Your class is within a package (com.cloudera.flume.source) but the jar is loading them into the top level package. The ideal way would be to do this:

~> mkdir -p com/cloudera/flume/source/
~> mv MySource.class com/cloudera/flume/source/
~> jar cvf MySource.jar com/cloudera/flume/source/MySource.class

Doing the above steps within your sequence would ensure the class gets placed in the declared package instead of at the top level.
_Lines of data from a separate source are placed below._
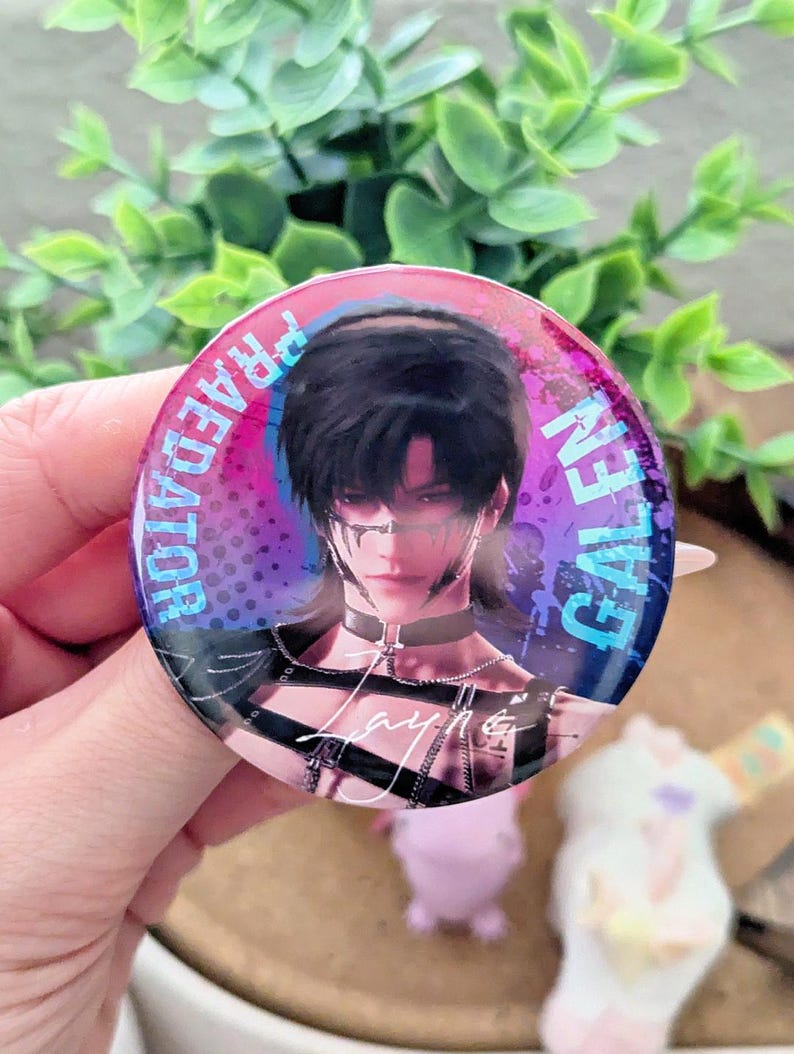 May include: A round button with a portrait of a person with black hair and a choker. The button has the words "GALEN" and "PREDATOR" in blue and white text around the edge. The background is a mix of pink, purple, and blue.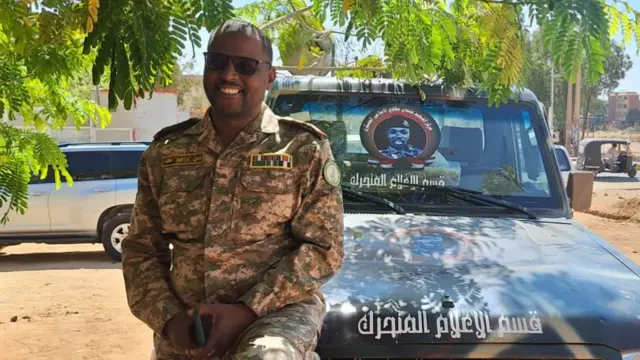 A man in military uniform sits on the bonnet of a jeep.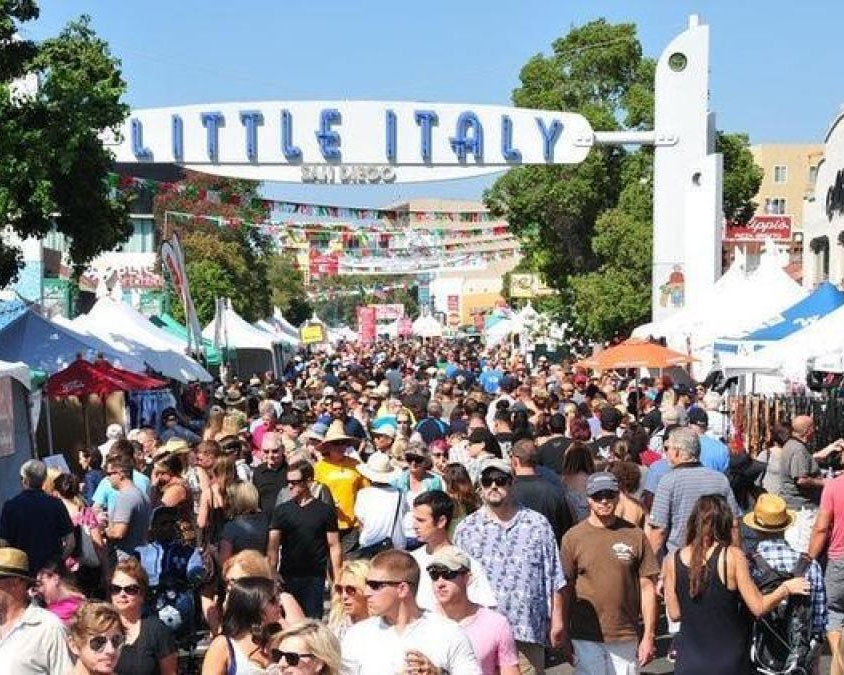 Farmers market packed with people and sign overhead reading "Little Italy"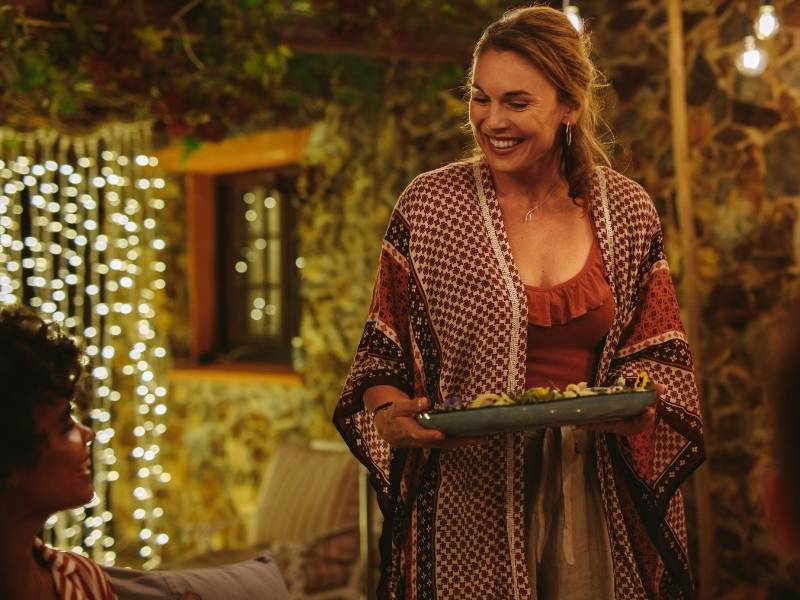 Hosting an Outdoor Evening Dinner Party - woman serving guests at an outdoor party.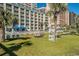 Relaxing pool area with lounge chairs at 5300 N Ocean Blvd. # 1011, Myrtle Beach, SC 29577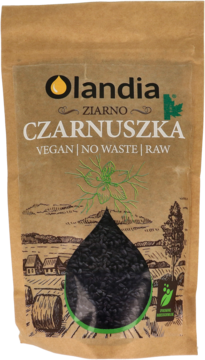 Brązowa torebka Olandia Czarnuszka ziarno z przezroczystym okienkiem w kształcie kropli, pełna czarnych ziaren.
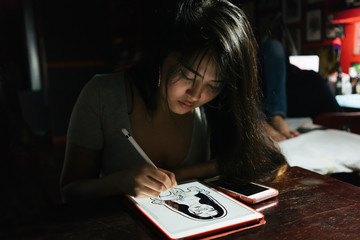 Professional asian woman tottooer designing a tattoo in studio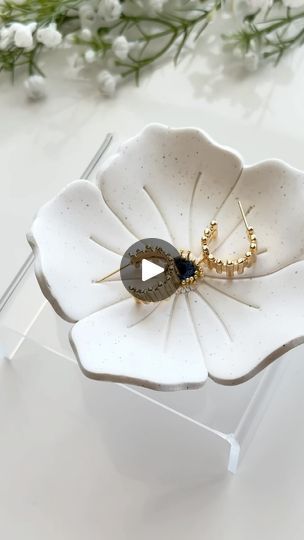 1.5K views · 17 reactions | Let’s make a flower trinket dish together 💕
Items used: 
• Flower Trinket Dish Cutter
• Gold Plated Flower Center Stamens (the bigger ones) 
• Needle Tool 
• Timber Hoops (in the last clip) also available in our shop! ☺️

The ceramic bowl I used is linked in my Amazоn Storefront in my biо 💕 It’s oven-safe so perfect to shape your trinket dishes. 

#polymerclayartist #polymerclay #trinketdish #ringdish #jewelry #jewelrydish #polymerclayearrings #polymerclaycreations | Tera Clay | ALTÉGO · Couldn't Care Less Polymer Clay Plate, Diy Clay Trinket Dish, Polymer Clay Trinket Dish, Flower Trinket Dish, Clay Jewellery Holder, How To Make Ceramic, Air Clay, Clay Plates, Jewellery Holder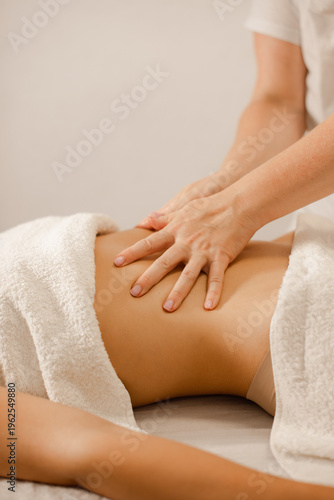 woman receiving abdominal massage therapy for relaxation and digestive wellness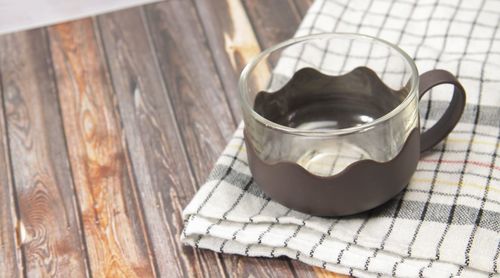 An empty cup that made from clear glass and plastic handle on a wooden background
More generally, you can avoid these forms of trivial packaging mistakes by using a formal build tool/system such as Maven, or even IDEs such as IntelliJ or Eclipse which allow archive building from source projects. These package jars for you in the required form, maintaining namespaces perfectly among several other benefits.

View solution in original post

3 REPLIES 3

avatar
New Contributor

I feel this is something to do with the way you have created the jar .Do you see the jar when extracted having the same package as shown in the error message?

Also, try adding the full path for the class in the flume config.

 

 

avatar
Mentor
@Smitha is right here. The below step specifically is incorrect.

> jar cvfm MySource.jar manifest.mf MySource.class

Your class is within a package (com.cloudera.flume.source) but the jar is loading them into the top level package. The ideal way would be to do this:

~> mkdir -p com/cloudera/flume/source/
~> mv MySource.class com/cloudera/flume/source/
~> jar cvf MySource.jar com/cloudera/flume/source/MySource.class

Doing the above steps within your sequence would ensure the class gets placed in the declared package instead of at the top level.

More generally, you can avoid these forms of trivial packaging mistakes by using a formal build tool/system such as Maven, or even IDEs such as IntelliJ or Eclipse which allow archive building from source projects. These package jars for you in the required form, maintaining namespaces perfectly among several other benefits.

avatar
Expert Contributor

Thanks, I indeed end up using Maven and plugins.d folder on Flume. Forgot to update the topic, thank you guys for the help!